[Crawled caption data]
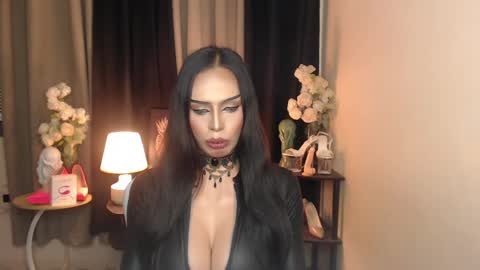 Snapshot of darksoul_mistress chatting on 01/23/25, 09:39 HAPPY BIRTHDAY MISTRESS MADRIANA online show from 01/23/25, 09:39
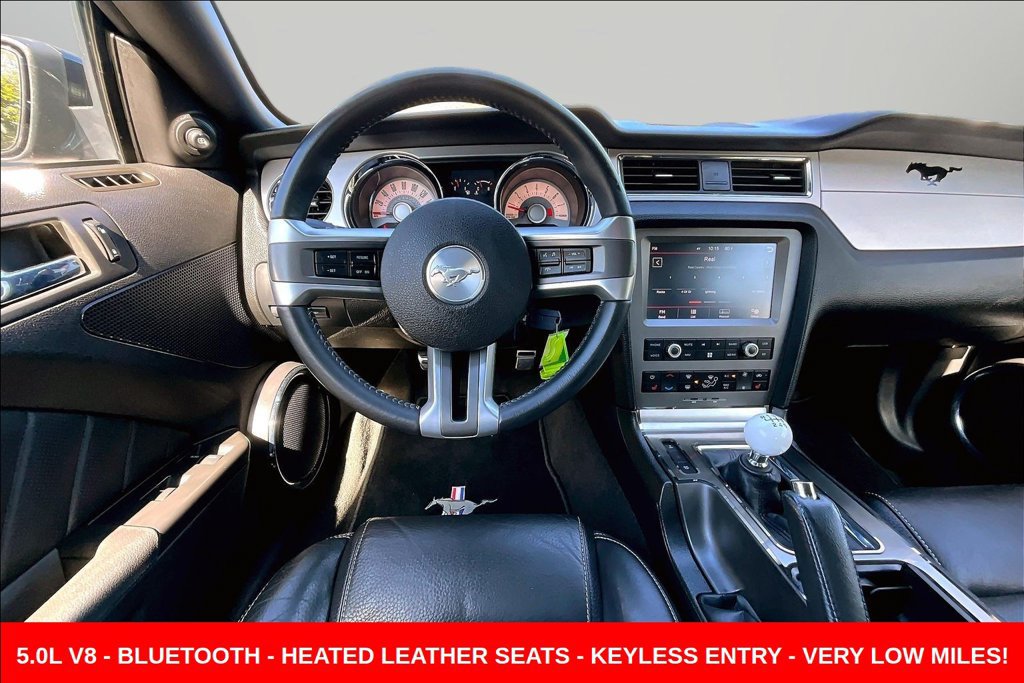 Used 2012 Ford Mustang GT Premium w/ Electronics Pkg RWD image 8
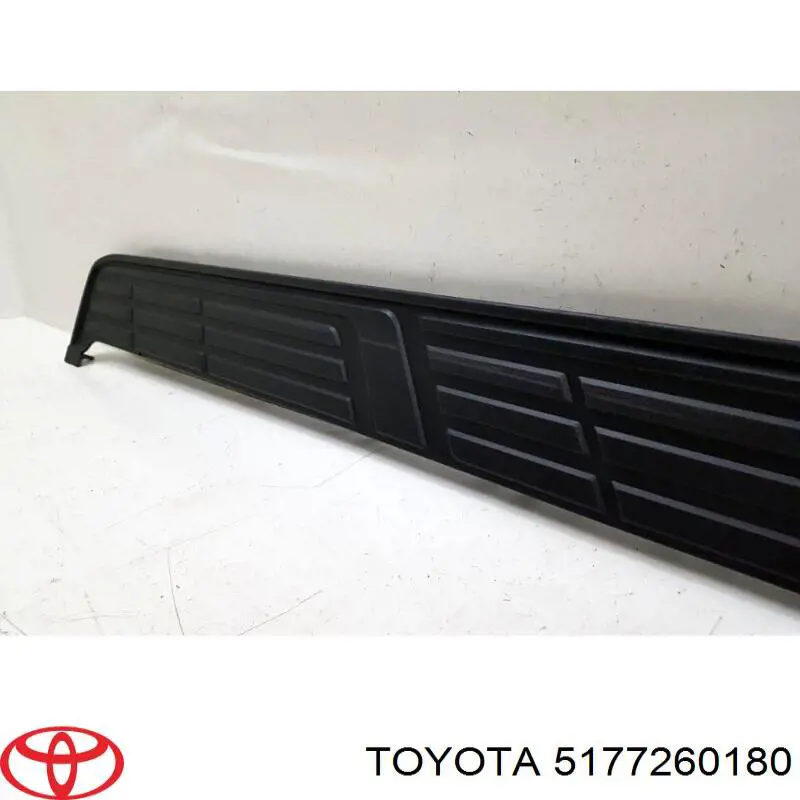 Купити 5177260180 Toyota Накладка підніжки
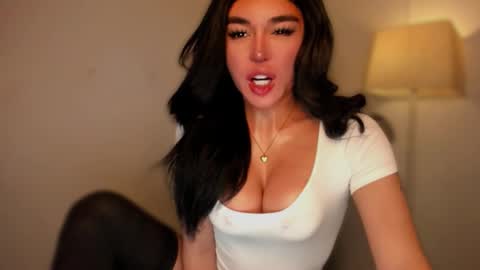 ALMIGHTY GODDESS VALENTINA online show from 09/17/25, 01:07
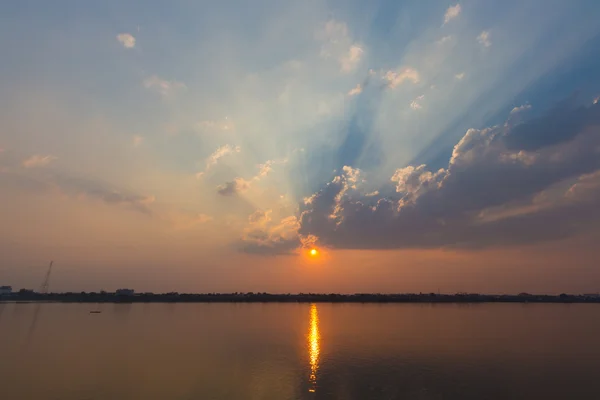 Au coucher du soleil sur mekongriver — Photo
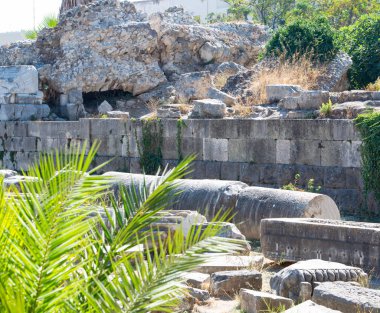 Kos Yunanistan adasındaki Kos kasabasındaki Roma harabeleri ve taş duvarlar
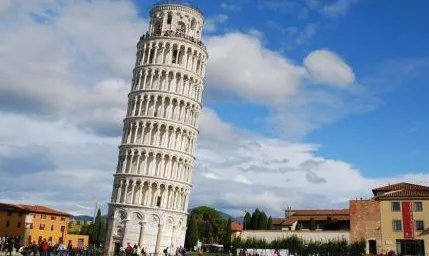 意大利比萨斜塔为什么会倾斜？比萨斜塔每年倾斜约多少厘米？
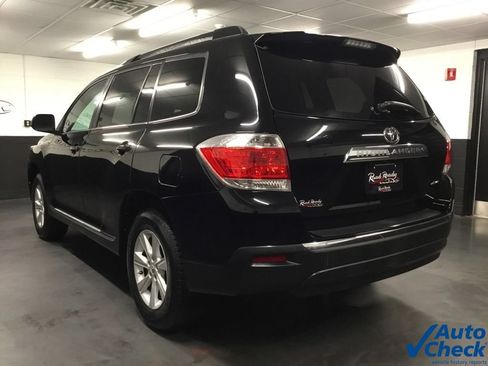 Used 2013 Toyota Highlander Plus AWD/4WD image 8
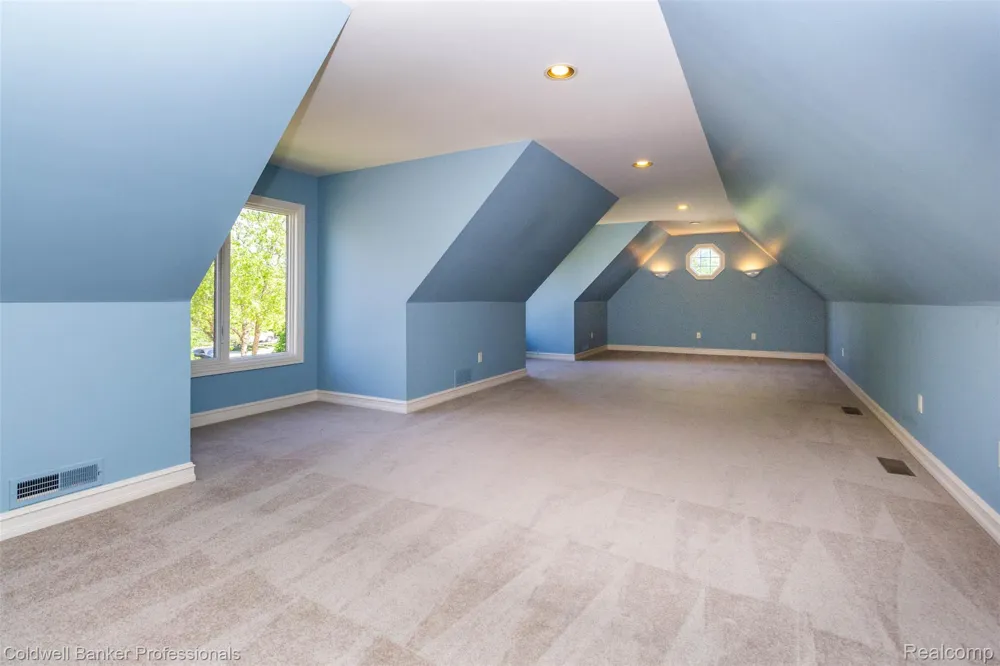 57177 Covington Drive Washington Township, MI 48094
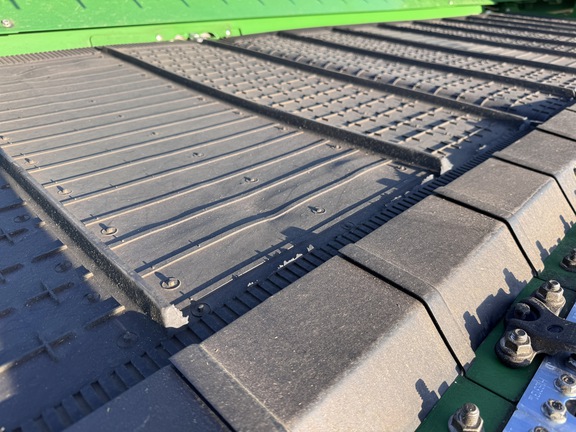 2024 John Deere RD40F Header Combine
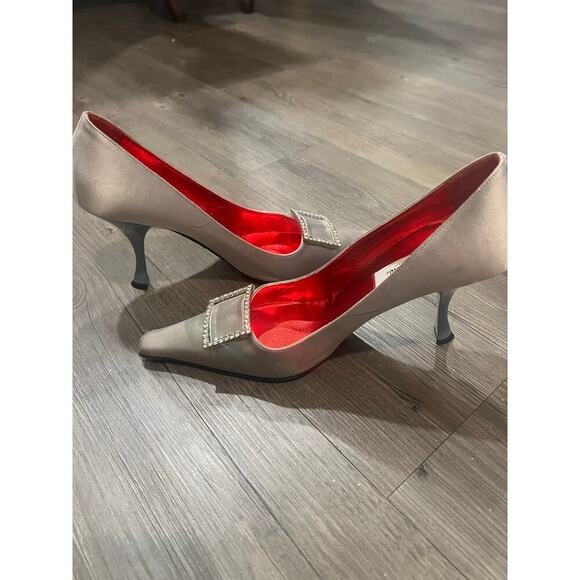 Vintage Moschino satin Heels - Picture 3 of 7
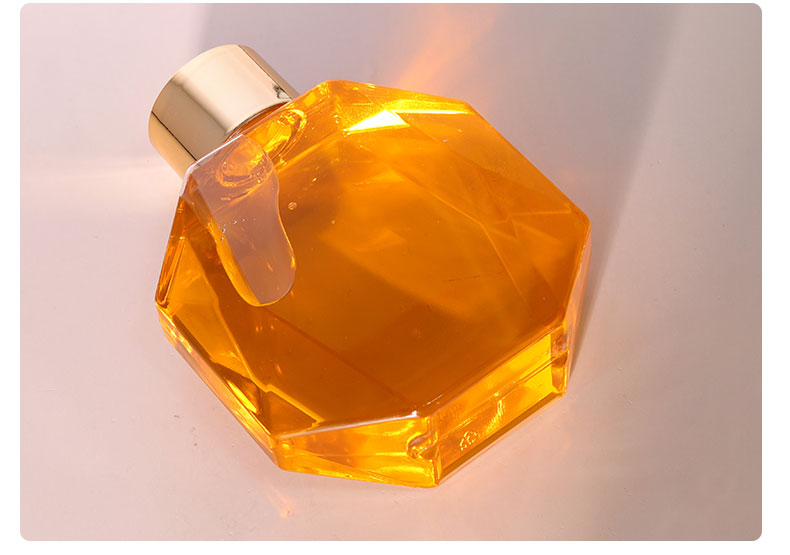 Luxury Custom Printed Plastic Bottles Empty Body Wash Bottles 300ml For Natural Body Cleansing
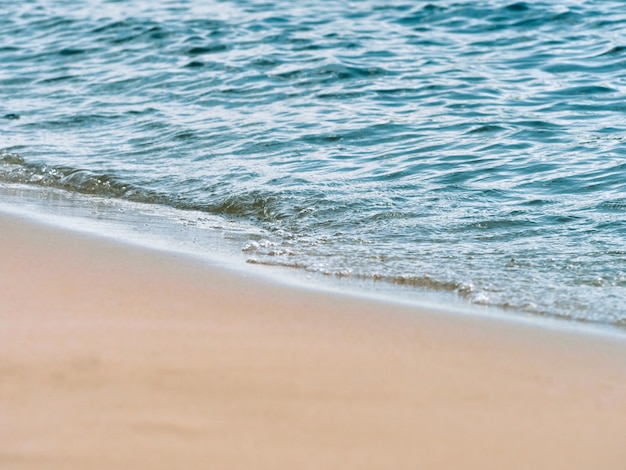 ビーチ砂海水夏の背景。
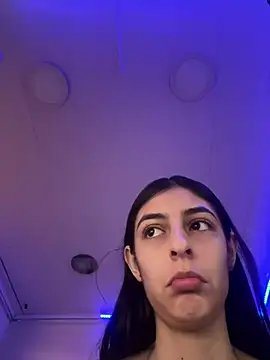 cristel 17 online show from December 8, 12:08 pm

> [Directions]:
An exact transcription is needed, covering the line with "57177 Covington Drive" and every line after it to the end of the entries, but not the pictures.

> [Answer to this exercise]:
 57177 Covington Drive Washington Township, MI 48094
 2024 John Deere RD40F Header Combine
 Vintage Moschino satin Heels - Picture 3 of 7
 Luxury Custom Printed Plastic Bottles Empty Body Wash Bottles 300ml For Natural Body Cleansing
 ビーチ砂海水夏の背景。
 cristel 17 online show from December 8, 12:08 pm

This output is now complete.